What to Look for in A Remote Worker
If you truly want the benefits of great remote work you need to hire workers that are effective working offsite.
Here’s a checklist of what to look for when hiring a remote worker:
- Experienced – this comes in many forms, but ensuring previous experiences as a remote worker should put your mind at ease that the worker is reliable.
- Self-motivated – this is critical for anyone that works on their own schedule.
- Communicates well and effectively – the worker you hire needs to be virtually present whenever you need them. This comes in the form of email, phone calls, video conferencing, Skype, etc.
- Sets specific goals and clearly defines success – remote work needs to be measurable, and the results need to be consistent.
- Independent and reliable – your worker needs to be able to work on his or her own schedule in a reliable manner.
A Quick Word About Trust
If your company cannot trust its employees to do their jobs without a manager standing over their shoulder, then your company has hired the wrong people. One of the cornerstones of the telecommuting process is trust in your employees to perform their work efficiently and without micromanagement.
At 10x Management, the most frequent complaint we hear from our technologists is that they are being micromanaged and that it is negatively impacting their ability to do the best job for their customer. Certain projects stand out in my mind where our technologists were very excited to work on a project, but stringent management hindered their efficiency and output. Thankfully, they were still able to get the job done, but with a lot more stress and hassle than had they been given a level of self-direction.
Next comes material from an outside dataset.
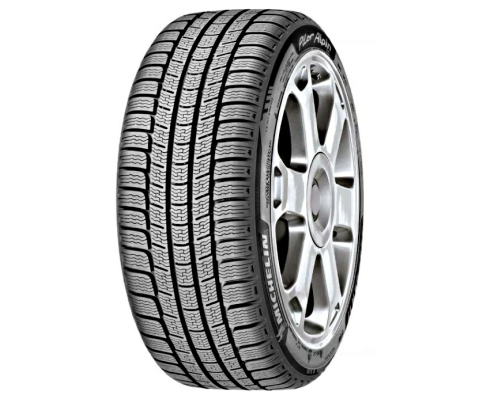 Michelin Pilot Alpin 2 245/50 R18 100H Run Flat ZP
Remote Work is a Competitive Advantage for Businesses
It’s clear that remote work provides many benefits for businesses that far outweigh the risks. When done right, with the proper technology and the right management in place, remote work is a major competitive advantage for any company seeking an edge. At 10x Management we’re proud to have a reputation for facilitating fantastic remote working relationships with innovative companies.